The point is, to anyone who knows the definition of marriage, it’s clear that a male and a female are required. Whatever same-sex couples have (even if they were to be loving, committed, exclusive, and permanent—which is almost without example), it cannot be marriage. Homosexuals are not banned from marrying a person of the opposite sex who is eligible according to law to marry. Nor is there a ban on homosexuals living with the person of their choice.
They aren’t asking for “fairness”; they are insisting loudly on throwing out the purpose of marriage, its relationship to procreation, the terms mother and father, the worldwide religious belief that real marriage is a moral good ordained of God.

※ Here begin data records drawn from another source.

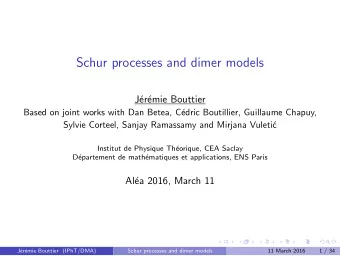Schur processes and dimer models  J  er  emie Bouttier  Based on joint works with Dan Betea,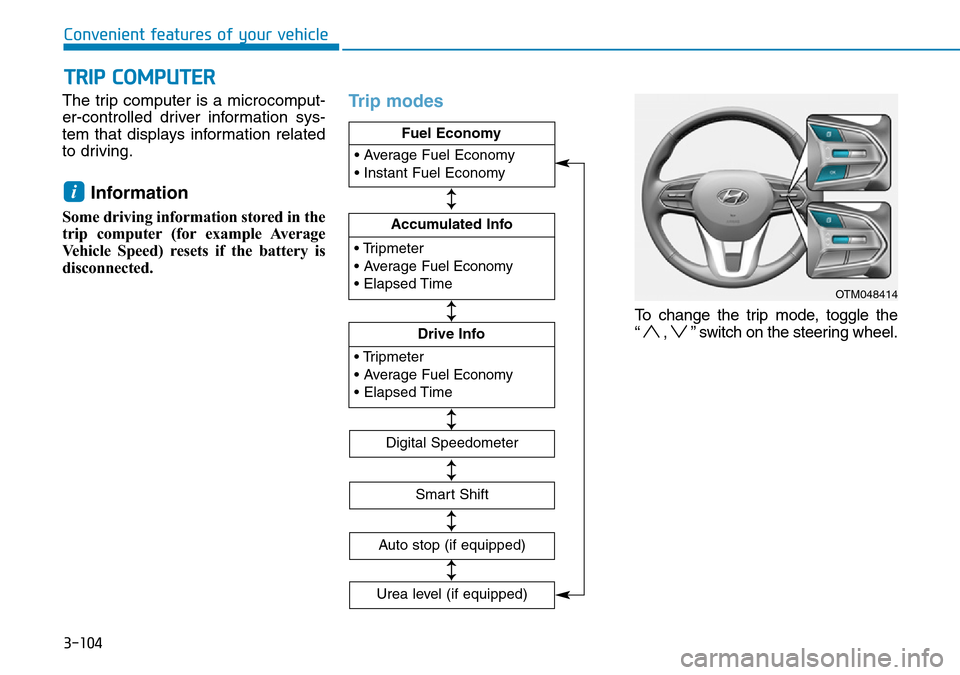 Hyundai Santa Fe 2019  Owners Manual - RHD (UK, Australia) 3-104
Convenient features of your vehicle
The trip computer is a microcomput-
er-controlled driver information sys-
tem that displays information related
to driving.
Information 
Some driving informat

Throw out what family is, and you throw out civilization and bring on savagery. That’s not just speculation; it’s what we’re watching wherever same-sex marriage has been embraced.
But Big Law, the elites—not necessarily the first we’d turn to for morality lessons—are certain it is immoral to keep the longstanding definition of marriage. And they claim morality requires that we accept same-sex relationships as if they were marriage. Evan Wolfson, president of Freedom to Marry, made the claim: “It’s so clear that there are no good arguments against marriage equality. Lawyers can see the truth.”
What do ordinary, non-elite Americans think? Probably a wide variety of things, in both directions on the marriage issue—thanks to confusing help from Big Media. But mainly the smalls don’t think that everyone must be forced to believe some specific thing passed down from the elites above. As Anderson describes it:
Ordinary Americans—whether they are in favor of same-sex marriage or opposed—agree that the government shouldn’t penalize their neighbors. Ordinary Americans—even those in favor of same-sex marriage—do not view their neighbors as bigots.
But our governing elites do. So people who believe the truth about marriage need to equip ourselves, because our opponents want to see the law treat all citizens who believe marriage is the union of husband and wife as if they are racists.
If Big Law, in collusion with Big Government and Big Media (and lately with support from Big Business[ii]), holds a particular belief, what is the likelihood they will defend the rights of those whose beliefs they consider on par with racial bigotry?
Anderson asks some important questions:
Will the right to dissent be protected? Will the right of Americans to speak and act in accord with what the United States had always believed about marriage—that it’s a union of husband and wife—be tolerated?
When people ask how same-sex “marriage” can harm me, they are apparently ignorant of the onslaught of religious freedom attacks, and the “gay mafia” tactics to put ordinary minding-their-own-business believers in marriage out of work, out of business, and silenced.
If you were uncertain about which side was right, or which was more moral, consider which is tolerant and which is coercive.
No matter the smallness of our non-elite voices, we need to speak. While we can.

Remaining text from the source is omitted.